Frog Prince and King Thrushbeard.
Two Complete Stories with Full Cast, music and Sound Effects.
“The Frog Prince; or, Iron Henry” (German: Der Froschkönig oder der eiserne Heinrich, literally “The Frog King or the Iron Heinrich”) is a fairy tale, best known through the Brothers Grimm’s written version; traditionally it is the first story in their collection. In the tale, a spoiled princess reluctantly befriends a frog (possibly meeting him after dropping a gold ball into his pond), who magically transforms into a handsome prince. Although in modern versions the transformation is invariably triggered by the princess kissing the frog, in the original Grimm version of the story the frog’s spell was broken when the princess threw it against a wall in disgust. In other early versions it was sufficient for the frog to spend the night on the princess’s pillow.
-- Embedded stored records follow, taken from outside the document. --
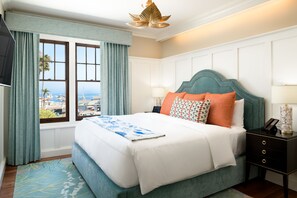 Frette Italian sheets, premium bedding, in-room safe, iron/ironing board - Hotel Atwater (Avalon)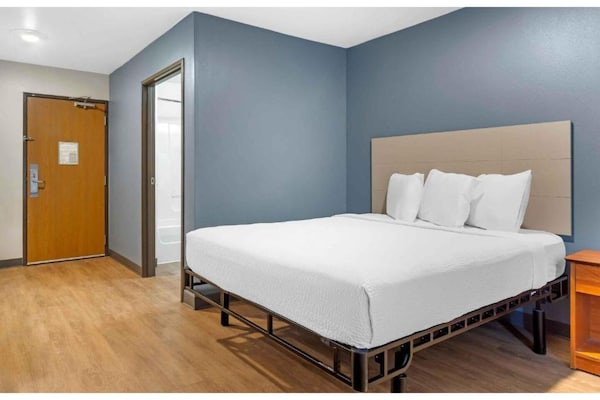 Foto van Studio 6 Fort Myers | Gezellig tweepersoonsbed, NSMK | Keuken - BedRoom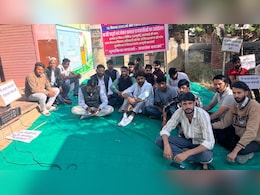 जयपुर में गौशाला की जमीन पर फर्जी पट्टे देने का आरोप, तीसरे दिन भी अनिश्चितकालीन धरने पर डटे ग्रामीण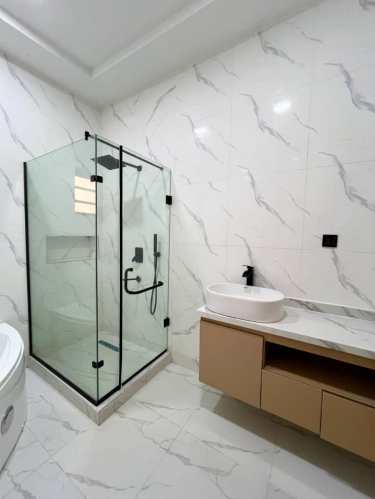 NOW SELLING...Fully Automated Smart Duplex

 LOCATION: Bera Estate, Chevron drive, Lekki Phase 1, Lagos, Lagos State, Nigeria.

 4 Bedroom Semi Detached duplex with a massive master bedroom + a BQ 

TITLE: GOVERNOR'S CONSENT 

Price: ₦260m

Features: 

- Fully Automated Smart Homes 
- Refrigerator 
- TV
- Air conditioners 
- Washing Machine 
- Oven 
- Secured estate 
- Fully Fitted Kitchen
- Water Heaters
- Pop Ceiling

Whatapp: Mr. Emeka 2347025422201
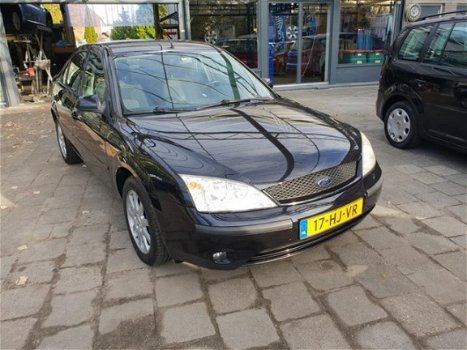 Ford Mondeo - 2.0-16V Ghia Automaat - 1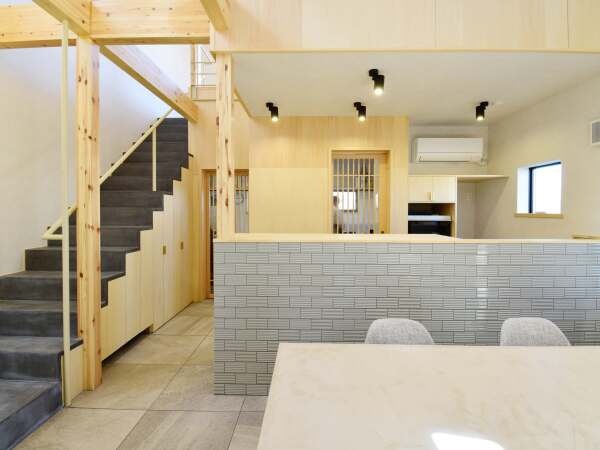 現場管理・幅広い建物の現場管理（古民家リノベーションもあり・学歴不問）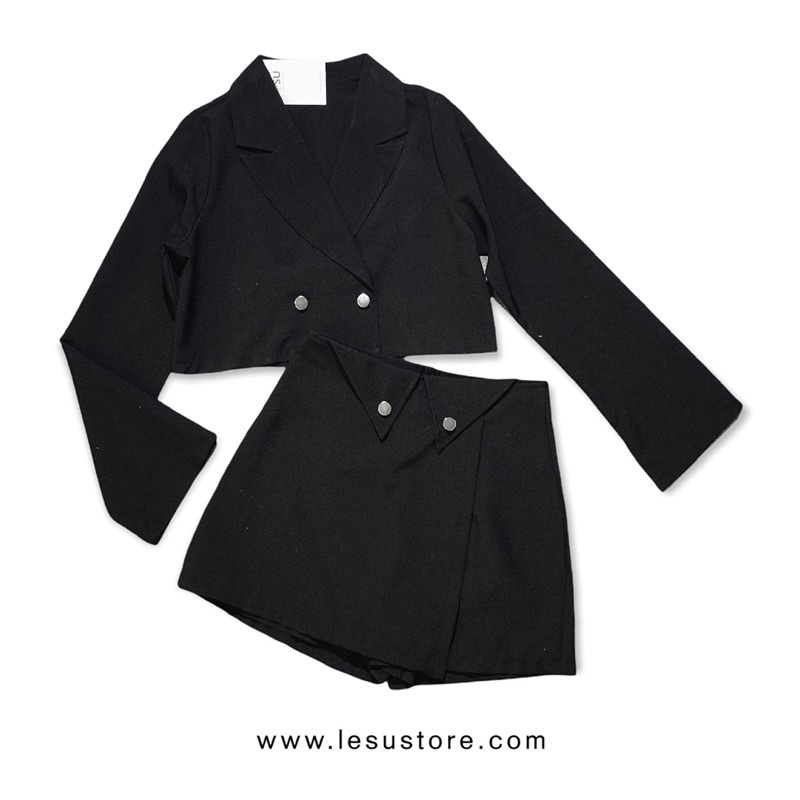 ẢNH TỰ CHỤP Set vest và short váy phối nút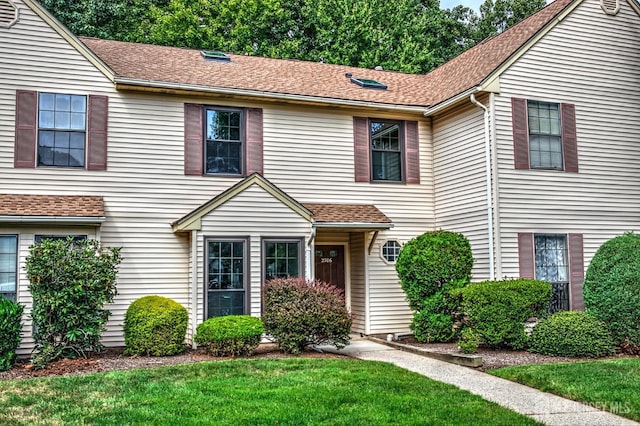 view of front of house featuring a front lawn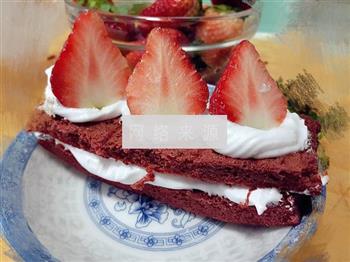 红丝绒草莓蛋糕的做法步骤18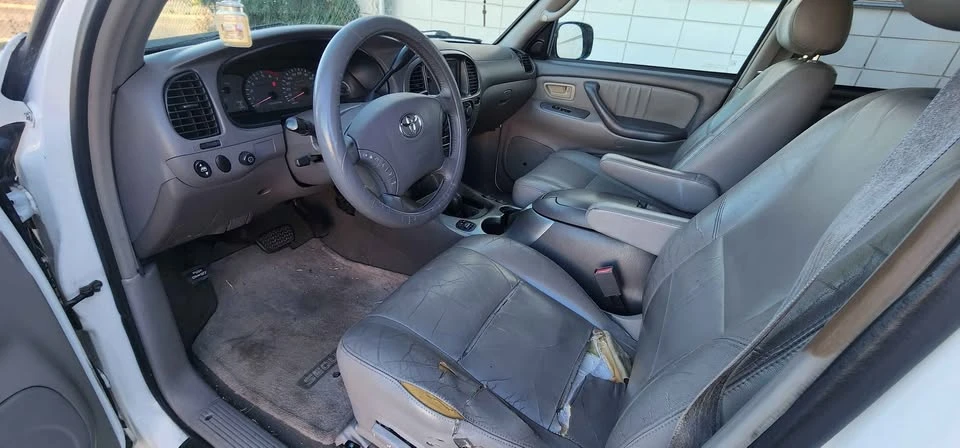 2003 Toyota Sequoia 1st Gen - Image 8 of 10
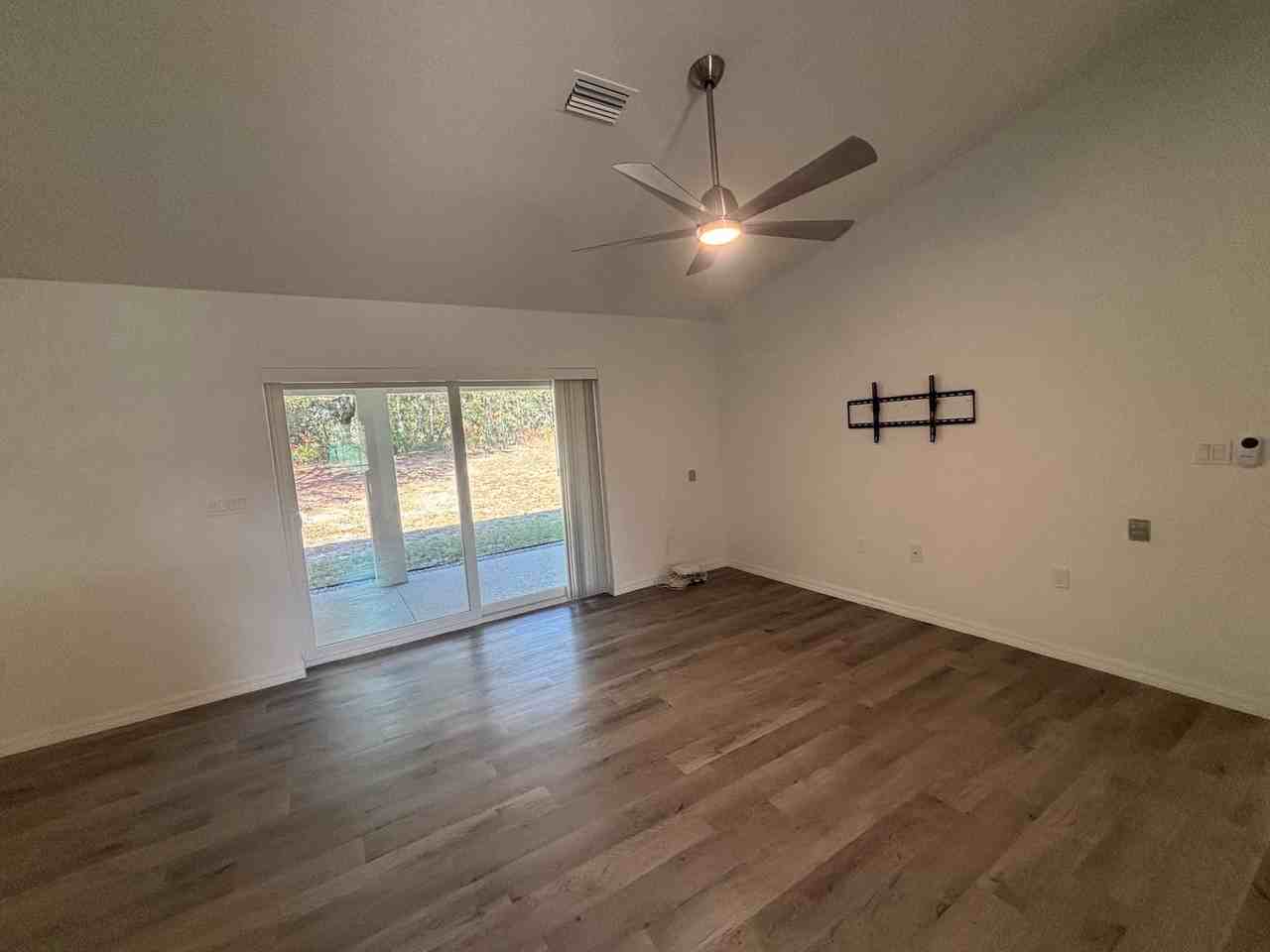 6589 North Bedstrow Boulevard - Photo 4 of 35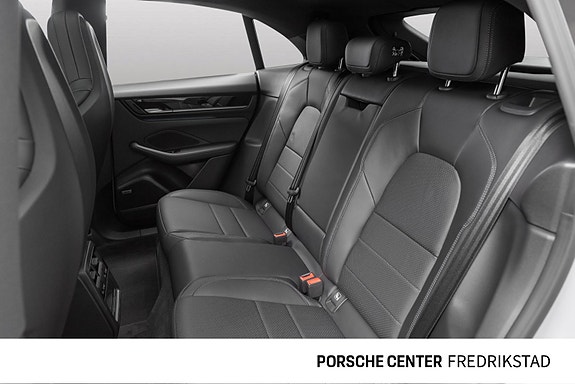 Porsche Macan 22 of 30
King Thrushbeard is a fairy tale collected by the Brothers Grimm, tale number 52.
A beautiful, but spoiled, rude, and shallow princess criticizes all her suitors because she is too proud. She is impressed with the last of her suitors, but her pride will not let her accept him. He is a young king with such a thick beard that she dubs him King Thrushbeard. The young king leaves in anger. Her father, exasperated and angry that she has scorned all her suitors, vows that the first man who comes to the palace the next day will become her husband. Meanwhile, an unknown stranger overhears the conversation.
When a young minstrel with a clean shaven face appears in the palace the next day, the king offers his daughter’s hand in marriage. The minstrel disapproves of marrying the princess immediately as she does not look strong nor does she appear to be capable of any practical work. However, he notes the poor cannot be choosy and agrees to marry her. The princess opposes vehemently because he is a commoner, but the king has given his word. She marries the minstrel, who takes her away from the palace to his home.
As they travel to the minstrel’s home, they pass by the fine lands and properties that belong to King Thrushbeard, and the princess begins to regret scorning him. They arrive at the minstrel’s home, a house fit only for swine. The minstrel treats her as though she was a commoner and the princess is upset that she must now work for a living. The minstrel has her doing practical chores and selling pottery, at which she is completely inept. Thoroughly annoyed at his new wife, he tells her the only job left her is to work as a servant at the nearby castle of a young king: King Thrushbeard.
The princess is initially ashamed that she must work in the palace of a suitor she so harshly scorned and deeply regrets doing so, but puts her pride aside when she realizes that her husband is depending on her to help out with the household. Eventually, she swallows the last of her pride and becomes so compassionate that she will throw scraps of food to the mice who live in their home because she realizes they are hungry too.
Just as her life is going smoothly, the princess discovers one day King Thrushbeard is getting married. She is forced into the great hall for a dance. The dance bursts her pockets open, in which she kept table scraps the servants gave her. They spill all over the floor and everybody laughs. She is so embarrassed she flees the hall and begins to cry.
However, much to the princess’ surprise, someone helps her up. Dressed in finery is the minstrel, who smiles and asks why she is crying on her wedding day. The princess is shocked to discover the minstrel is really King Thrushbeard. He fell in love with her despite her scorn and secretly married her through her father’s vow. Her ordeals were meant to cure her of her proud, spoiled ways. She thanks him for teaching her to be compassionate to others and asks before the whole court that he grow his beard once again. Her husband, from then on, is known by no other name but King Thrushbeard.